Traditionally, hardware purchases for the RCF have been made late in the fiscal year in order to maximize the resources obtained with the funds. In keeping with this tradition, the FY 2002 purchases are being made in the summer of 2002. But, due to the long shutdown of the RHIC machine that arose from the combining of the FY2001 and FY2002 runs and the need to accommodate upgrades to the experiments, which pushed the start of the next RHIC run into early FY 2003, it became clear that we could not put off the FY 2003 purchases to the summer of 2003. In order to obtain sufficient resources to approach the reconstruction and analysis of the data produced in Run-3, it was determined that the FY 2003 purchases would have to be made immediately at the beginning of FY 2003.

The estimates on needs and the cost to obtain the resources necessary to accommodate these needs then reflect the time scale of the purchases. The main impact on the estimates is that the same hardware parameters are used in each of the two purchases rather than being able to rely on Moore’s Law to improve the resources obtained in the FY 2003 purchase.

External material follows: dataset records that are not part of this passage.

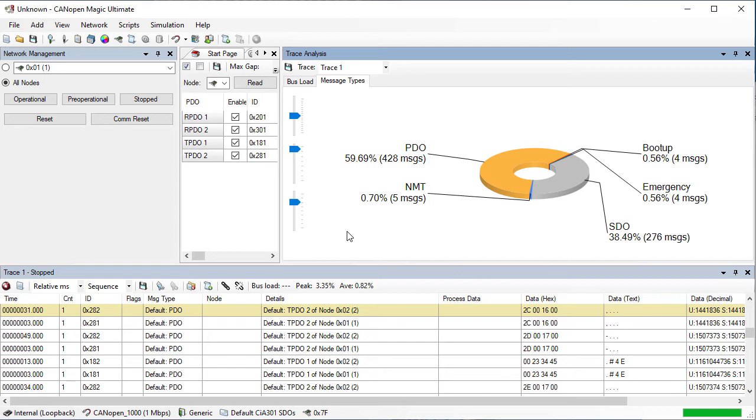For more advanced trace recording analysis, including the analysis of large log files and automatic high-level error finding, please see our other products CanOpen Log Examiner. More details are available on our website. Thank you for watching.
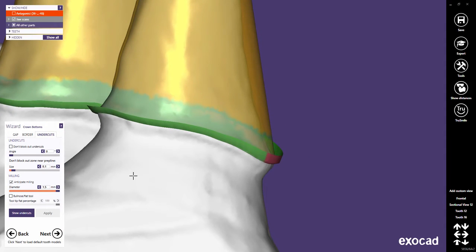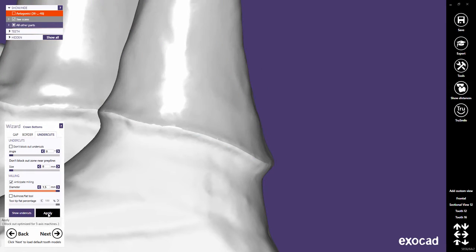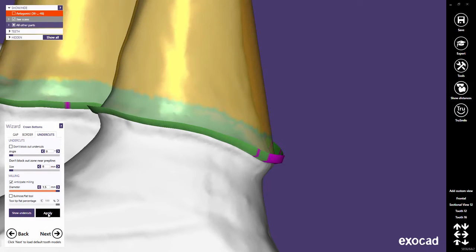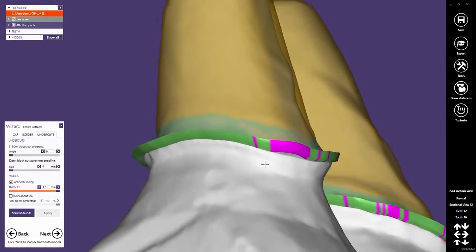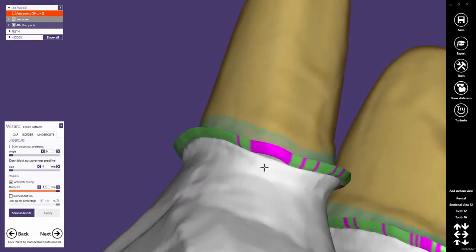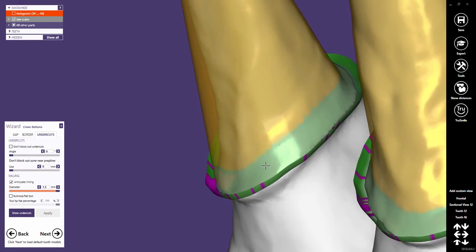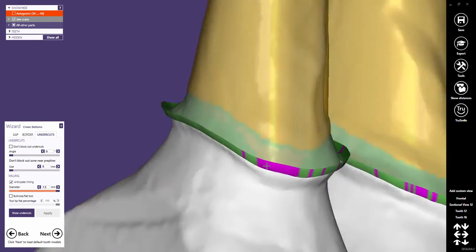Now I will demonstrate the behavior with Don't block out zone near prepline set to 0, a setting commonly used in 3-axis mode. As you can see, the crown will not be in contact with the preparation along the margin. These gaps are marked in magenta.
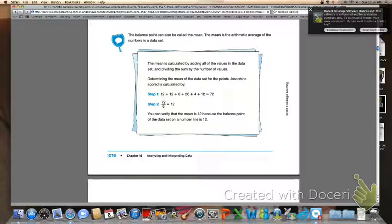At the bottom of page 1078, it says the balance point can also be called the mean. The mean is the arithmetic average of the numbers in a data set. The mean is calculated by adding all of the values in the data set and then dividing the sum by the number of values. For Josephine's data set: 12 + 12 + 6 + 26 + 4 + 12 = 72, divided by 6 equals 12. You can verify that the mean is 12 because the balance point on the number line is also 12.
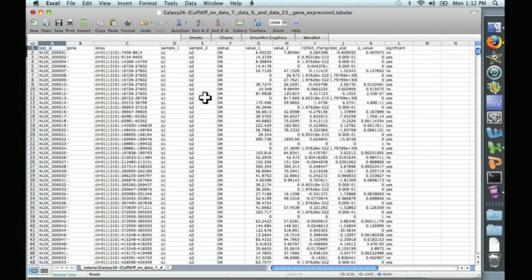In the next video, we're going to take these same two datasets and look at them in more detail on IGV. Until then, thanks for watching.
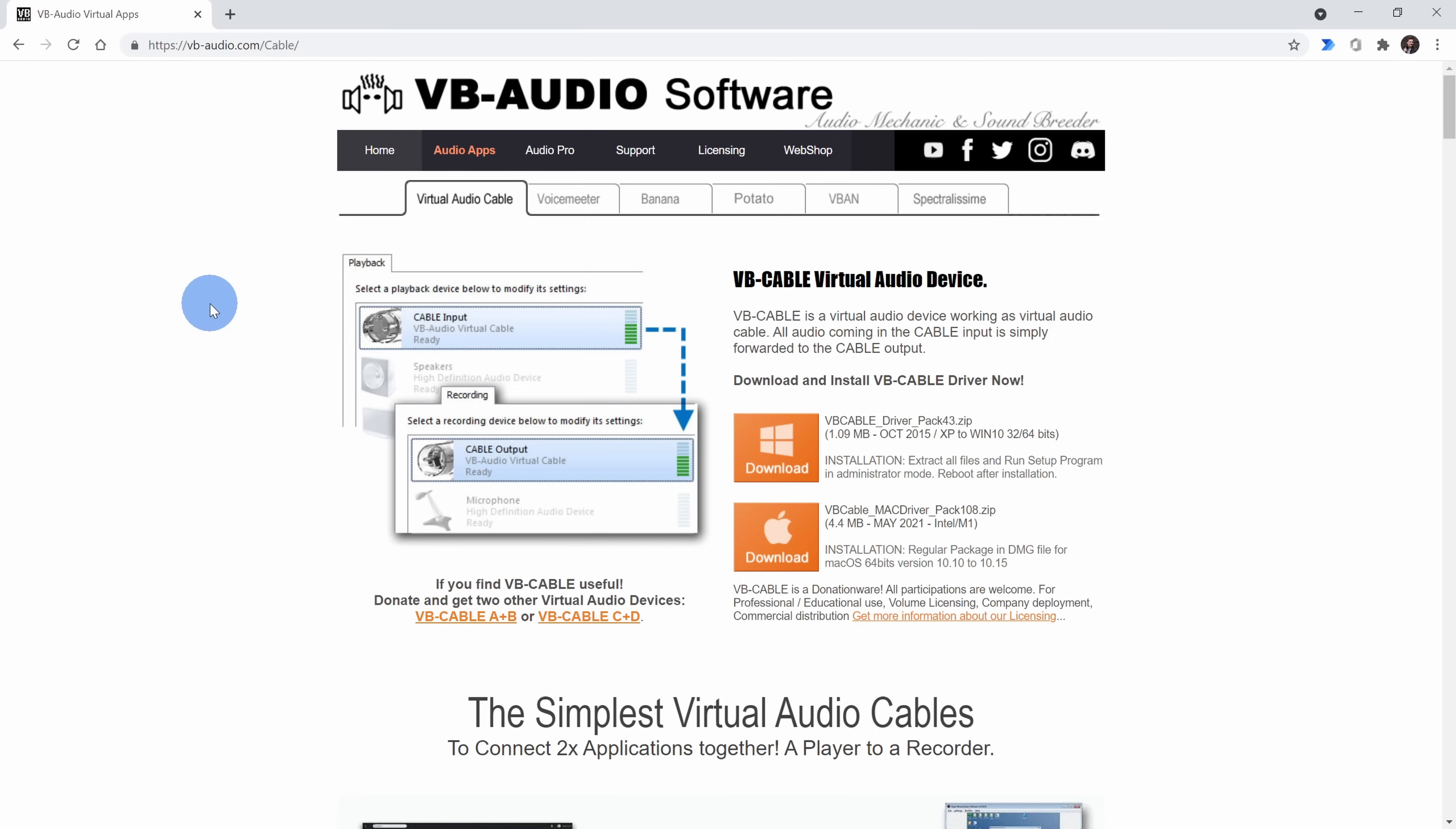This will allow us to take the output from an app like a video player, or maybe you're listening to a podcast. It'll allow you to take any type of sound output, and we'll be able to use this to feed it into the dictation tool.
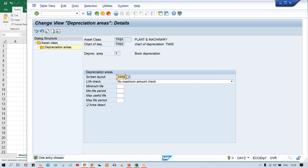This screen layout is going to control the fields in your asset master. There might be some confusion — let me explain. If you assign screen layout rule 2000 here, then in asset master we are having multiple tabs — and in those tabs we are having a tab called the depreciation tab.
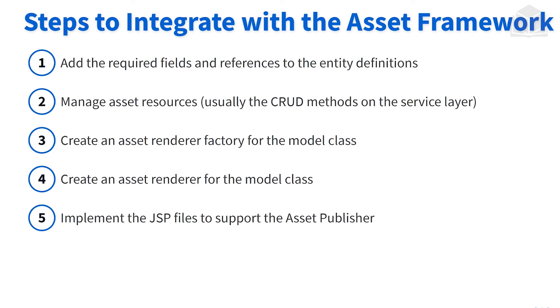Afterwards, we're going to want to create the asset renderer factory. We want our custom entity to be able to be seen. In order to be seen, we need that asset entry. In order to create the asset entry, we need that asset renderer factory. So that's the next step. After we have the factory, we're going to be creating an asset render object that is associated with our custom entity, the assignment. And finally, we're going to implement our JSP files so that we have support for displaying our custom entity within the asset publisher.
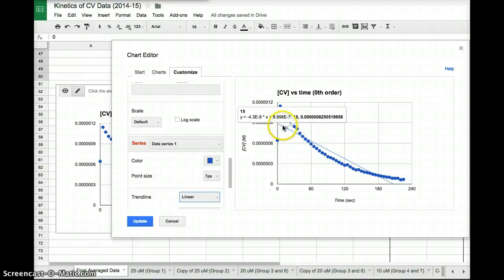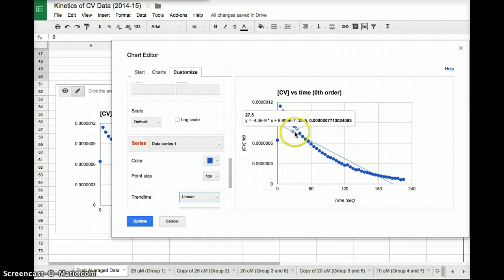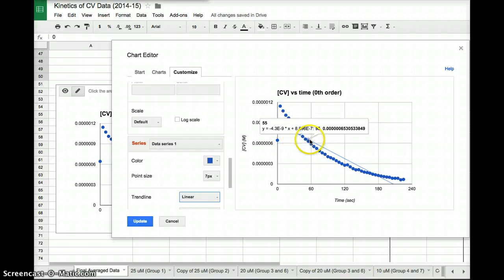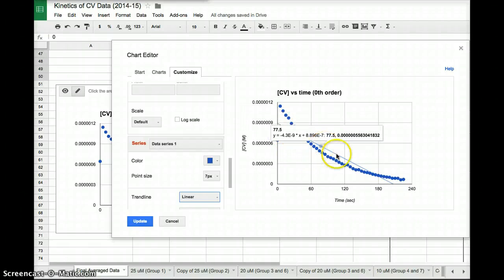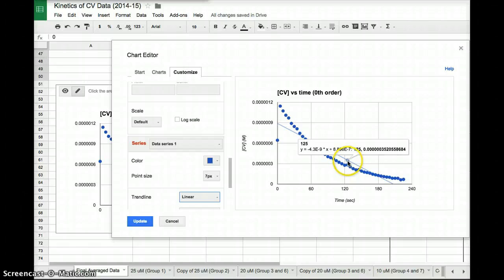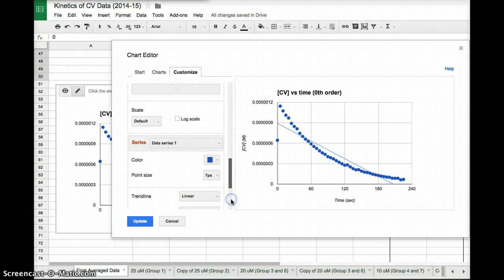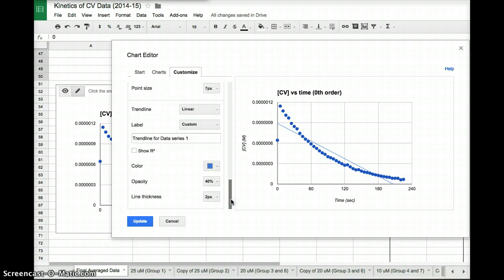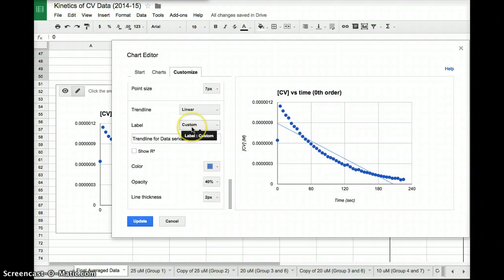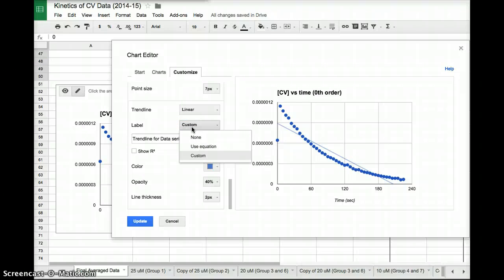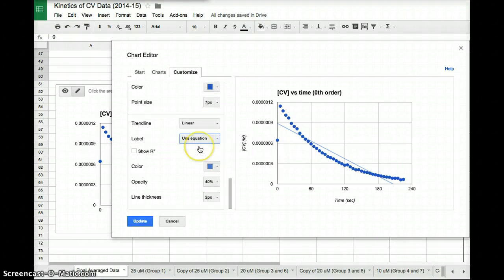And as we can see in light blue, a best fit line has been drawn for us. Okay? There's a few more cool things that you can do. For example, let's say we want the equation of that line, y equals mx plus b. If I click on label custom, use equation, I can get the equation of the line by moving my mouse over it. Okay?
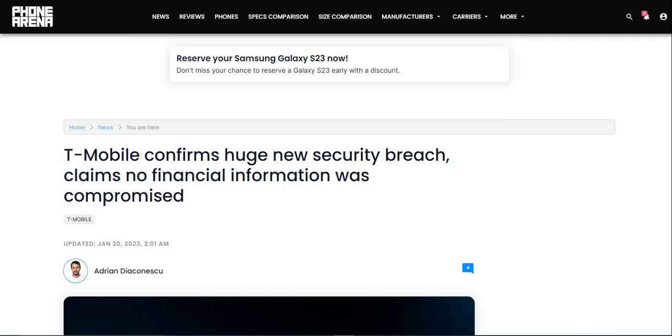T-Mobile claims that no financial information was compromised, that's what they claim. This sucks. Hopefully everyone who was affected by this got their issues fixed and hopefully T-Mobile will do better by protecting their customers, improving security and stuff like that. And hopefully that other carriers will learn from this and hopefully that will improve their security and protect their customers as well.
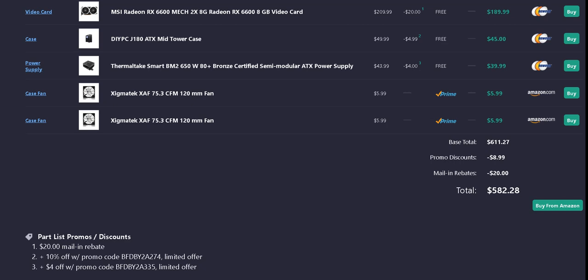$45 after the promo code from Newegg with free shipping. The power supply is a Thermaltake Smart BM2 650 Watt 80 Plus Bronze Certified Semi-Modular ATX power supply for $43.99 with $4 off of a promo code. That's from Newegg, so it ends up being $39.99.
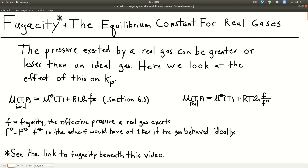Hey guys, so this is section 7.5 where we talk about fugacity and the equilibrium constant for real gases. Fugacity is a really interesting concept, pretty theoretical, but there's a really good comic that they made at Northeastern. I have a link to that right beneath this video on Canvas, so I highly recommend you look at that. It does go into some areas that fugacity deals with that we haven't gotten to yet, but we will later, and it's definitely worth looking at.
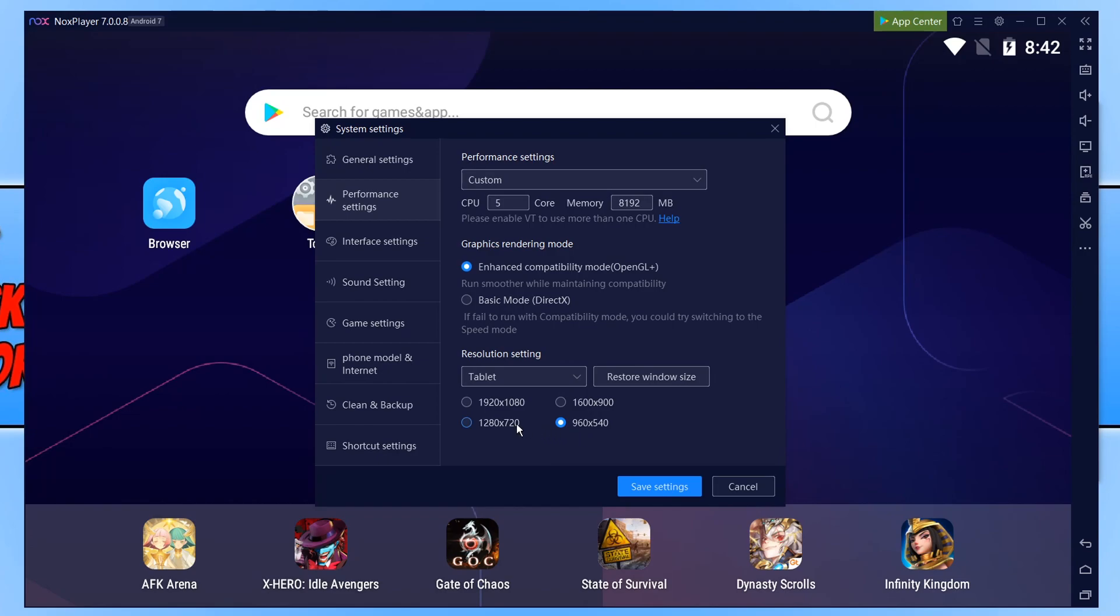If it does then slowly work your way up the resolution. Until you find the resolution when it starts to lag again and then drop it down a res. After playing around with all these settings and if you're still having issues the next thing we want to click on is Game Settings.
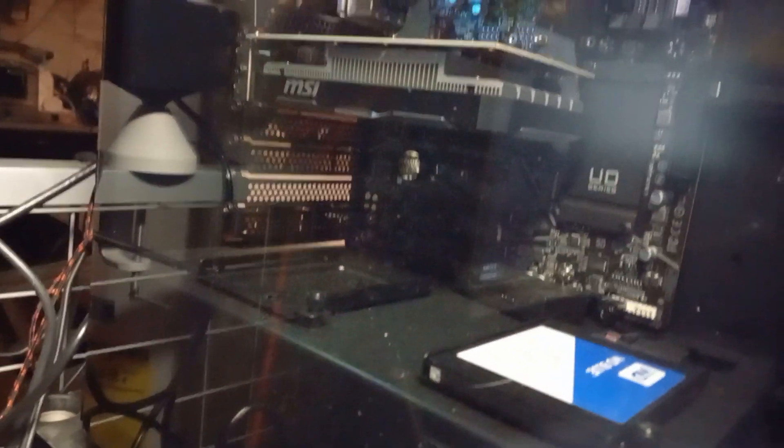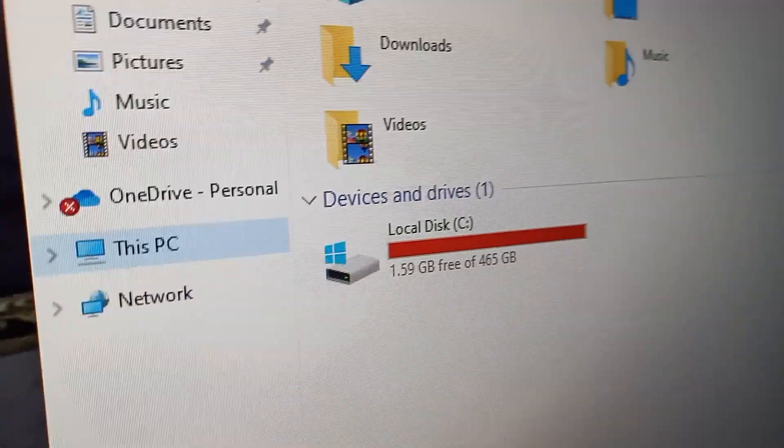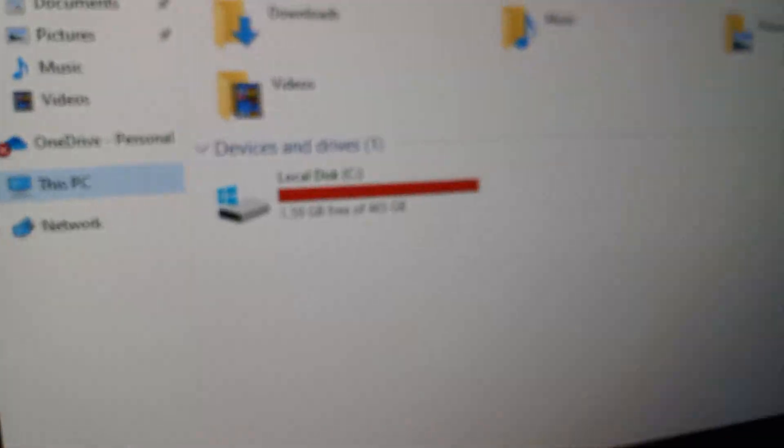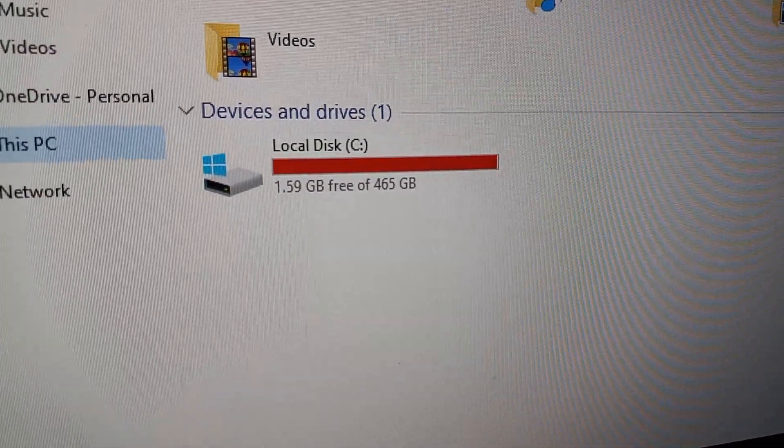So I'm gonna have to get at least a two or three terabyte, cuz I'm only halfway done with the software and I'm already, come on focus, I'm already out of space.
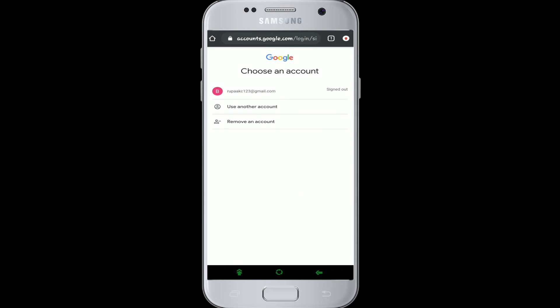Here you can see three options: you can sign in to your existing account, log into another account if you have one, or even remove an account you don't use anymore. For now, we are logging in, so click on your account that is signed out.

Current Estimates of Requirements:

The estimates made by the experiments are summarized in the following tables. The first table (Table I) contains the estimates of CPU, disk and bandwidth needed to reconstruct and analyze the expected data set size from a 25-week RHIC Au-AU run assuming a RHIC duty factor of 0.6.

Table I




The second table (Table II) contains the estimates constrained to the present RCF budget.

Table II


The experiments went from the “unconstrained” scenario to the “constrained” scenario through a variety of methods ranging from reducing the event rate, to increasing the time period over which the data will be reconstructed and analyzed, to changing the fundamental model of how data is stored moving from more expensive centralized RAID storage to less expensive distributed disk storage. None of the changes made by the experiments to reduce their needs are desirable since they all will increase the work needed to extract the physics from the experiments and reduce the physics impact of the data.
The third table (Table III) shows the percentage of the unconstrained estimates achieved under the constraints of the RCF budget.

Table III

The current RCF capacities are listed by experiments in Table IV.

Table IV


The above unconstrained and constrained scenarios were produced by the experiments over the course of the meetings of the task force. BRAHMS estimated their needs for a 25 week AU + Au run and based on their experience with the reconstruction and analysis of the Run-2 data, they determined that their greatest need was in the area of centralized disk space, since their present model is based on keeping a significant amount of data on disk. Therefore BRAHMS allocates the majority of its funds for disk purchases with a modest addition to their compute farms.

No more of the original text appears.